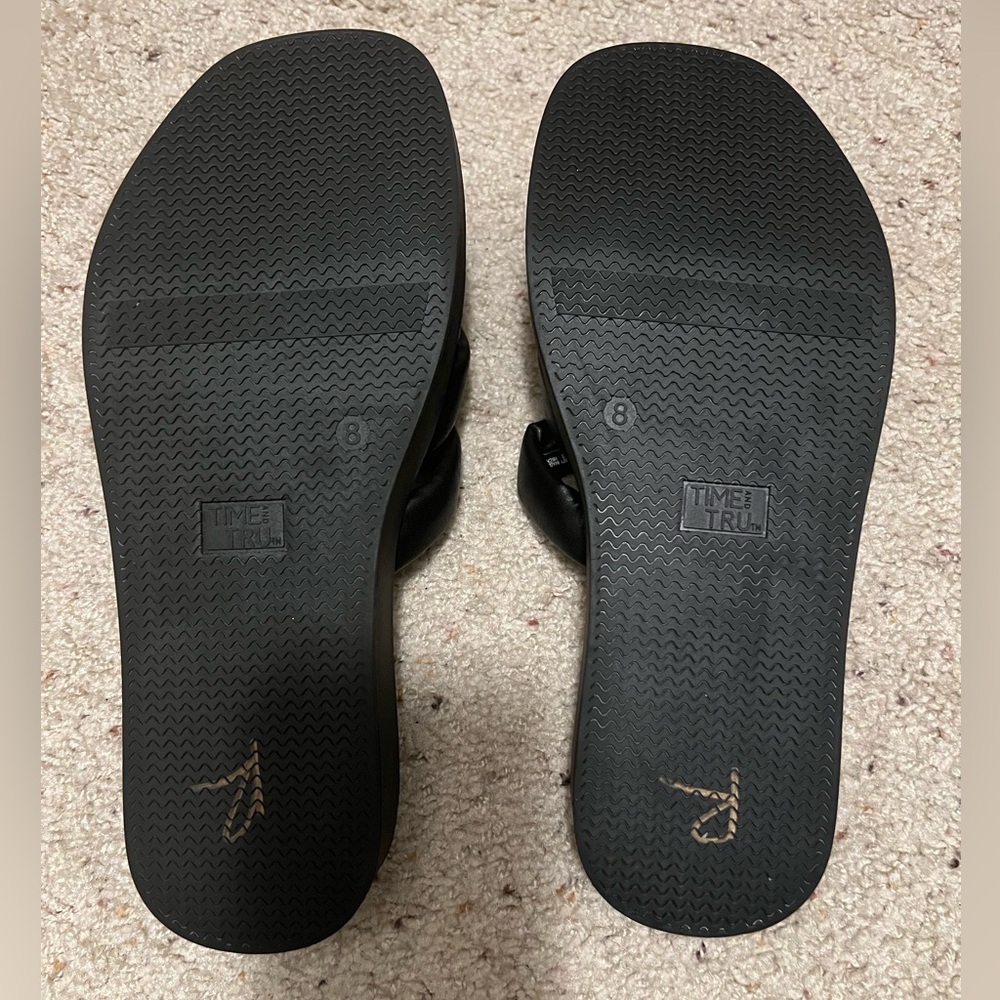 Time and Tru Black Sandals - Picture 3 of 4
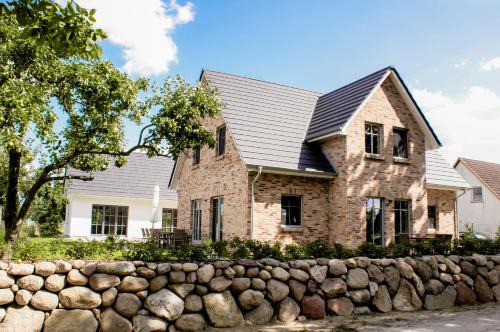 Rankwitz House | Spacious Ferienhaus Libelle for 14 with Oceanfront Views
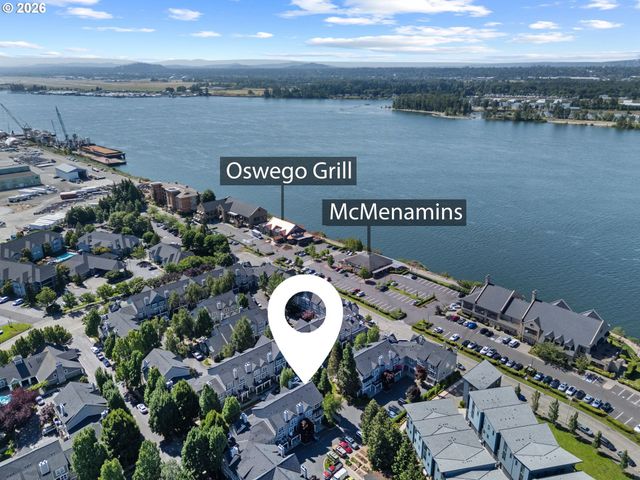 1728 Se HALYARD Ln, Vancouver, WA 98661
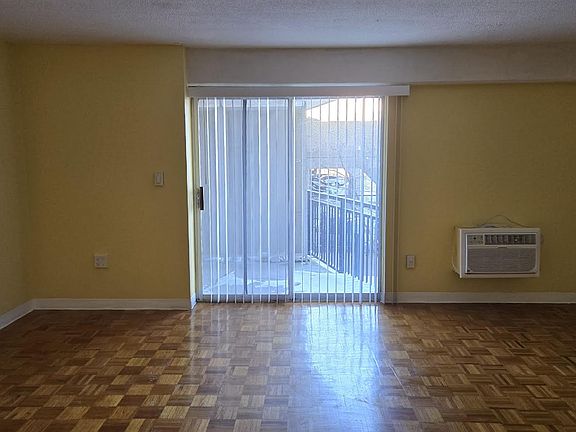 5th image of 1025 Hancock St Unit 1M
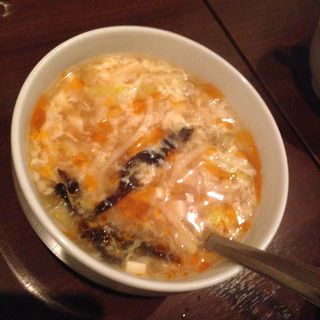 酸味と辛味の四川スープ(中華ダイニング 四川厨房 横浜店)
* * *
▶ [EXERCISE DETAILS]
Each line from the one holding "1728 Se HALYARD Ln, Vancouver, WA 98661" through the final line of the data needs to be transcribed exactly. Include both ends, skip the pictures, and add nothing.

▶ [RESULT OF THE EXERCISE]
 1728 Se HALYARD Ln, Vancouver, WA 98661
 5th image of 1025 Hancock St Unit 1M
 酸味と辛味の四川スープ(中華ダイニング 四川厨房 横浜店)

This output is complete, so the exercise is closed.